When the sun rose, the 361st Artillery unit stood ready. At straight-up six o’clock, I gave the order and the men began firing. Even under heavy military boots, your toes could feel the ground shake. My unit pounded the target area, and I knew other howitzers were firing from different angles. I thought the Japanese were going to be in for a long, long day.
No one had to tell me that the assault on Cactus Hill would prove costly for us as well. By now, we were aware that the Japanese had every play in the book down pat. While no one liked it, you just had to respect their self-sacrifice. Infiltrating at night and rushing headfirst at our soldiers certainly had to be acknowledged as an act of courage. We didn’t like them any better, but we did recognize their dedication.
While we were firing, Major Prosser Clark’s men began to move toward Cactus Hill. Their earlier attacks had proved futile and cost us good men. This morning Clark’s F Company started around the hill to flank the target from the west.
Clark knew the enemy would pepper us with everything they got in the shaker and that would be a hell of a bad one.
The men kept crawling forward. Abruptly, the roar of airplanes signaled that dive-bombers were about to strike.
Clark yelled that the airplanes were our boys.

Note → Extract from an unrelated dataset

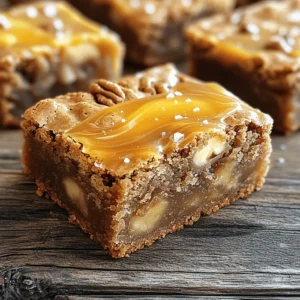 - 1 cup unsalted butter, melted - 1 cup brown sugar, packed - ½ cup granulated sugar - ½ cup apple cider - 2 large eggs - 1 teaspoon vanilla extract - 2 cups all-purpose flour - 1 teaspoon baking powder - ½ teaspoon baking soda - ½ teaspoon salt - 1 teaspoon ground cinnamon - ½ cup chopped walnuts or pecans (optional) - 1 cup caramel sauce (store-bought or homemade) I love using fresh apple cider in these blondies. It adds a rich flavor that fits fall perfectly. The butter gives a nice moistness, while the brown sugar brings a deep, caramel-like taste. Granulated sugar gives sweetness without being too heavy. You can add eggs for structure and texture. Vanilla extract enhances the overall taste. Flour gives the blondies their body. Baking powder and baking soda help them rise, making them soft. Salt balances the sweetness. Ground cinnamon adds warmth and spice. If you like nuts, walnuts or pecans add a nice crunch. You can skip them if you prefer a smooth texture. Lastly, caramel sauce is key. It makes these blondies extra special. You can use store-bought or homemade. - For a dairy-free option, use coconut oil instead of butter. - Applesauce can replace eggs for a vegan choice. - For gluten-free blondies, try almond flour or a gluten-free blend. These swaps help you enjoy the flavor while meeting dietary needs. - Preheat your oven to 350°F (175°C). - Grease and line a 9x13 inch baking pan with parchment paper. Leave some paper hanging over the sides. This helps you lift out the blondies later. - In a large bowl, combine the melted butter, brown sugar, and granulated sugar. Whisk until smooth. - Next, stir in the apple cider, eggs, and vanilla extract. Mix until everything is well blended. - In another bowl, whisk together the all-purpose flour, baking powder, baking soda, salt, and ground cinnamon. This step is key to even mixing. - Gradually add the dry ingredients to the wet mixture. Mix gently until just combined. If you like, fold in chopped nuts at this point. - Pour the batter into the prepared baking pan. Use a spatula to spread it evenly. - Drizzle caramel sauce over the top. Reserve a bit of sauce for serving. Use a knife or toothpick to swirl the caramel into the batter. - Bake in your preheated oven for 25-30 minutes. Check for doneness by inserting a toothpick in the center. It should come out with a few moist crumbs, not wet batter. To get the best blondies, do not overmix the batter. Mix just until you see no dry flour. Overmixing makes them tough. Once baked, let them cool completely before slicing. This step helps them set well and makes cutting easier. You can make homemade caramel sauce easily. Just heat sugar and water until it melts and turns golden. Stir in butter and cream for a rich taste. If you prefer store-bought, look for a high-quality brand. Choose one that has a rich flavor and smooth texture. Serve the blondies warm or at room temperature. Drizzle extra caramel sauce on top for added sweetness. A sprinkle of sea salt enhances the flavors and adds a nice touch. You can also add whipped cream or ice cream for a special treat. {{image_2}} You can spice up your blondies easily. Adding spices like nutmeg or cloves gives them warmth. A pinch of nutmeg adds a cozy taste. Cloves bring a bold flavor that pairs well with apple cider. You can also add fruits to the mix. Diced apples will boost the apple flavor. They create a nice texture, too. Dried cranberries add a sweet-tart twist. Both options make your blondies even more delightful. Nuts also change the game for these blondies. You can use almonds or pecans for a crunchy bite. They add flavor and good fats. If you want them nut-free, just leave them out. The blondies will still taste great without nuts. If you choose to add nuts, chop them finely. This way, they blend in well with the batter. You’ll get a nice surprise in every bite. Chocolate lovers, rejoice! You can add chocolate chips or chunks to your blondies. They melt into gooey pockets of goodness. Swirling chocolate into the batter adds a fun twist, too. Just pour some melted chocolate over the top. Use a knife to create swirls. This method makes your blondies look fancy and taste amazing. Each bite will be a sweet adventure! To keep your Apple Cider Caramel Blondies fresh, store them in an airtight container. This helps retain their moisture and flavor. If you need to refrigerate them, place a piece of parchment paper between layers to avoid sticking. This method works wonders for maintaining the perfect texture. Freezing is another great option. Cut the blondies into squares before freezing. Wrap each square tightly in plastic wrap, then place them in a freezer-safe bag. This way, you can grab one whenever you crave a sweet treat. Just let them thaw at room temperature for about 30 minutes before enjoying. When stored at room temperature, these blondies last about 3 to 4 days. Keep them in a cool, dry place, away from direct sunlight. After a few days, you might notice changes in texture or taste. Watch for signs of spoilage. If the blondies become dry or hard, they may not be enjoyable anymore. If you see any mold or strange smells, it’s best to throw them out. Always trust your senses. If something seems off, it’s safer to discard the food. Yes, you can make these blondies a day ahead. Allow the blondies to cool completely. Then, wrap them tightly in plastic wrap. This keeps them fresh. You can store them in the fridge. Just take them out an hour before serving for the best taste. I love pairing these blondies with vanilla ice cream. The cold ice cream balances the warm blondies. You can also serve them with spiced apple cider. A dollop of whipped cream adds a nice touch too. For a drink, try a warm chai tea or cider. Look for a golden brown top. The edges should pull away from the pan slightly. When you insert a toothpick, it should come out with a few moist crumbs. This means the blondies are ready. Don't overbake them; they can turn dry quickly! In this post, I shared a detailed recipe for Apple Cider Caramel Blondies. We covered the ingredients, step-by-step instructions, and tips for the best results. I also suggested variations and storage advice to keep your blondies fresh. These sweet, chewy treats can be adapted for your tastes. Experiment with flavors and toppings. Enjoy sharing them with family and friends. Happy baking!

Soldiers rolled under logs or jumped under the edge of boulders sticking out of the ground. The dive-bombers began to hit hard and fast. We could feel the impact clear back to our howitzers. The Japanese had to be running for cover. For thirty-five minutes, the strikes continued. Black rings of smoke erupted straight up into the sky, followed by bellows and puffs of gray and sometimes white flames. Smoke slowly covered the countryside. The battle line turned into a forest fire squeezed into a killing field. Unfortunately, when the American planes left, the Japanese continued firing with the same intensity they had before.
Clark bellowed that they were still at it. He called for the men to charge forward.
F Company started inching their way up the hill again.
As the morning progressed, fighting only intensified. Each side of the front line returned the exchange with the same ferocity. Nevertheless, Clark wouldn’t back off and kept pressing the men forward.
The men could see a pillbox ahead. The enemy had a damn good perch to shoot at us with accuracy. We couldn’t see them, but they were able to spot us. Our soldiers knew they couldn’t get out in the open.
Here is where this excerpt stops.